▼▼▼

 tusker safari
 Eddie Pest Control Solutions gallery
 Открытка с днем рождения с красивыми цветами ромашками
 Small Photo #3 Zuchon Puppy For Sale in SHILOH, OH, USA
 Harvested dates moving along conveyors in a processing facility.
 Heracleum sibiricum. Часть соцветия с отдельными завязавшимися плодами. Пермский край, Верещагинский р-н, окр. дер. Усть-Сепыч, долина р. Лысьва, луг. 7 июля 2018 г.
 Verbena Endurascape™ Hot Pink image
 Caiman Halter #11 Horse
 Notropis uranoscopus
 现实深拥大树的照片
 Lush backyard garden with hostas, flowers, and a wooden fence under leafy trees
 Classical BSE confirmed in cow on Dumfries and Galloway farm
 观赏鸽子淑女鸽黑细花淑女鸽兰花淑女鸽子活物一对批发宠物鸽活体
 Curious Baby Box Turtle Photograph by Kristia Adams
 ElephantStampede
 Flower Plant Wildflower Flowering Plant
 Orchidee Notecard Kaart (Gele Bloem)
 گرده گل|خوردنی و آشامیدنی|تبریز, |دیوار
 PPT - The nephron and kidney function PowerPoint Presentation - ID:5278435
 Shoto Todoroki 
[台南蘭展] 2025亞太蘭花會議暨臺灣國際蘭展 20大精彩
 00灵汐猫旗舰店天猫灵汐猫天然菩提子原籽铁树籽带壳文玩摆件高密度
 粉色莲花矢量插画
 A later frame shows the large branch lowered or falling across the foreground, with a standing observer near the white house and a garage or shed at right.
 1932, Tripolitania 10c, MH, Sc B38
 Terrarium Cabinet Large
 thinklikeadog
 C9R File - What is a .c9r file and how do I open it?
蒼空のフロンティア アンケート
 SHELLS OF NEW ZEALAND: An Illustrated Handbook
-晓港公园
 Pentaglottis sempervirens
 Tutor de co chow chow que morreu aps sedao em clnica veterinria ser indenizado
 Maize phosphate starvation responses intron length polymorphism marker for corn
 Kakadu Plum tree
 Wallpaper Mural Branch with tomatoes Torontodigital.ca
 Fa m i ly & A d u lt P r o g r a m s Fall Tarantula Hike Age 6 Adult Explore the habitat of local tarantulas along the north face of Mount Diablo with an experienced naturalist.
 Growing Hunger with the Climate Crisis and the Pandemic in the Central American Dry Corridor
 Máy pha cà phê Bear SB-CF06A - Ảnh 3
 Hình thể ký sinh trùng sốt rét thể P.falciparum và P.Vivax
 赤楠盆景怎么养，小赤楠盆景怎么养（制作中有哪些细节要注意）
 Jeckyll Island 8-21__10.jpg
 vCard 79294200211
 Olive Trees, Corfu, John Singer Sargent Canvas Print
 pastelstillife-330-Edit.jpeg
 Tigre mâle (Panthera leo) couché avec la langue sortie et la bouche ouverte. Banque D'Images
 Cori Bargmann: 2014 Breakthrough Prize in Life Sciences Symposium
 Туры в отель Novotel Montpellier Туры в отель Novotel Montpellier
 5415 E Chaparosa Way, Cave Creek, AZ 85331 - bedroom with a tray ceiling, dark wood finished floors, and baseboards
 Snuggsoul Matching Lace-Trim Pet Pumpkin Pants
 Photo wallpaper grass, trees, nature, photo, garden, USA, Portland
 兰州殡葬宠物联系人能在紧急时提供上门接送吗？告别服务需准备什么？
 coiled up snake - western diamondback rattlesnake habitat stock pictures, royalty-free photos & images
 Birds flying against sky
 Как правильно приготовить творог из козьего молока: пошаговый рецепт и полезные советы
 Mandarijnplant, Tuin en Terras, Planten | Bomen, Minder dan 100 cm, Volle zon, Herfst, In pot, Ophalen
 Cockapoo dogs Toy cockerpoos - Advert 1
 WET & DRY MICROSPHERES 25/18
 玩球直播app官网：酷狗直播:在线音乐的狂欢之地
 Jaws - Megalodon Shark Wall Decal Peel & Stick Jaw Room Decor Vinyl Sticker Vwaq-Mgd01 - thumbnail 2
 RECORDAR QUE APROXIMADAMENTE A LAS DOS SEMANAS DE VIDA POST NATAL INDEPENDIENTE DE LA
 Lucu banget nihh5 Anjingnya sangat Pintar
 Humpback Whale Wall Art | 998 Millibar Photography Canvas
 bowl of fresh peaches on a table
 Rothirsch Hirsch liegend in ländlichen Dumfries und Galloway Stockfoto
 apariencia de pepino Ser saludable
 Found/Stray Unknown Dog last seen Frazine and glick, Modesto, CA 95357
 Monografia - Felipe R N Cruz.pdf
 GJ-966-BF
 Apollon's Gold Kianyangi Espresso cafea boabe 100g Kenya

▲▲▲

Each line of the data should be transcribed exactly.

Answer below:
 tusker safari
 Eddie Pest Control Solutions gallery
 Открытка с днем рождения с красивыми цветами ромашками
 Small Photo #3 Zuchon Puppy For Sale in SHILOH, OH, USA
 Harvested dates moving along conveyors in a processing facility.
 Heracleum sibiricum. Часть соцветия с отдельными завязавшимися плодами. Пермский край, Верещагинский р-н, окр. дер. Усть-Сепыч, долина р. Лысьва, луг. 7 июля 2018 г.
 Verbena Endurascape™ Hot Pink image
 Caiman Halter #11 Horse
 Notropis uranoscopus
 现实深拥大树的照片
 Lush backyard garden with hostas, flowers, and a wooden fence under leafy trees
 Classical BSE confirmed in cow on Dumfries and Galloway farm
 观赏鸽子淑女鸽黑细花淑女鸽兰花淑女鸽子活物一对批发宠物鸽活体
 Curious Baby Box Turtle Photograph by Kristia Adams
 ElephantStampede
 Flower Plant Wildflower Flowering Plant
 Orchidee Notecard Kaart (Gele Bloem)
 گرده گل|خوردنی و آشامیدنی|تبریز, |دیوار
 PPT - The nephron and kidney function PowerPoint Presentation - ID:5278435
 Shoto Todoroki 
[台南蘭展] 2025亞太蘭花會議暨臺灣國際蘭展 20大精彩
 00灵汐猫旗舰店天猫灵汐猫天然菩提子原籽铁树籽带壳文玩摆件高密度
 粉色莲花矢量插画
 A later frame shows the large branch lowered or falling across the foreground, with a standing observer near the white house and a garage or shed at right.
 1932, Tripolitania 10c, MH, Sc B38
 Terrarium Cabinet Large
 thinklikeadog
 C9R File - What is a .c9r file and how do I open it?
蒼空のフロンティア アンケート
 SHELLS OF NEW ZEALAND: An Illustrated Handbook
-晓港公园
 Pentaglottis sempervirens
 Tutor de co chow chow que morreu aps sedao em clnica veterinria ser indenizado
 Maize phosphate starvation responses intron length polymorphism marker for corn
 Kakadu Plum tree
 Wallpaper Mural Branch with tomatoes Torontodigital.ca
 Fa m i ly & A d u lt P r o g r a m s Fall Tarantula Hike Age 6 Adult Explore the habitat of local tarantulas along the north face of Mount Diablo with an experienced naturalist.
 Growing Hunger with the Climate Crisis and the Pandemic in the Central American Dry Corridor
 Máy pha cà phê Bear SB-CF06A - Ảnh 3
 Hình thể ký sinh trùng sốt rét thể P.falciparum và P.Vivax
 赤楠盆景怎么养，小赤楠盆景怎么养（制作中有哪些细节要注意）
 Jeckyll Island 8-21__10.jpg
 vCard 79294200211
 Olive Trees, Corfu, John Singer Sargent Canvas Print
 pastelstillife-330-Edit.jpeg
 Tigre mâle (Panthera leo) couché avec la langue sortie et la bouche ouverte. Banque D'Images
 Cori Bargmann: 2014 Breakthrough Prize in Life Sciences Symposium
 Туры в отель Novotel Montpellier Туры в отель Novotel Montpellier
 5415 E Chaparosa Way, Cave Creek, AZ 85331 - bedroom with a tray ceiling, dark wood finished floors, and baseboards
 Snuggsoul Matching Lace-Trim Pet Pumpkin Pants
 Photo wallpaper grass, trees, nature, photo, garden, USA, Portland
 兰州殡葬宠物联系人能在紧急时提供上门接送吗？告别服务需准备什么？
 coiled up snake - western diamondback rattlesnake habitat stock pictures, royalty-free photos & images
 Birds flying against sky
 Как правильно приготовить творог из козьего молока: пошаговый рецепт и полезные советы
 Mandarijnplant, Tuin en Terras, Planten | Bomen, Minder dan 100 cm, Volle zon, Herfst, In pot, Ophalen
 Cockapoo dogs Toy cockerpoos - Advert 1
 WET & DRY MICROSPHERES 25/18
 玩球直播app官网：酷狗直播:在线音乐的狂欢之地
 Jaws - Megalodon Shark Wall Decal Peel & Stick Jaw Room Decor Vinyl Sticker Vwaq-Mgd01 - thumbnail 2
 RECORDAR QUE APROXIMADAMENTE A LAS DOS SEMANAS DE VIDA POST NATAL INDEPENDIENTE DE LA
 Lucu banget nihh5 Anjingnya sangat Pintar
 Humpback Whale Wall Art | 998 Millibar Photography Canvas
 bowl of fresh peaches on a table
 Rothirsch Hirsch liegend in ländlichen Dumfries und Galloway Stockfoto
 apariencia de pepino Ser saludable
 Found/Stray Unknown Dog last seen Frazine and glick, Modesto, CA 95357
 Monografia - Felipe R N Cruz.pdf
 GJ-966-BF
 Apollon's Gold Kianyangi Espresso cafea boabe 100g Kenya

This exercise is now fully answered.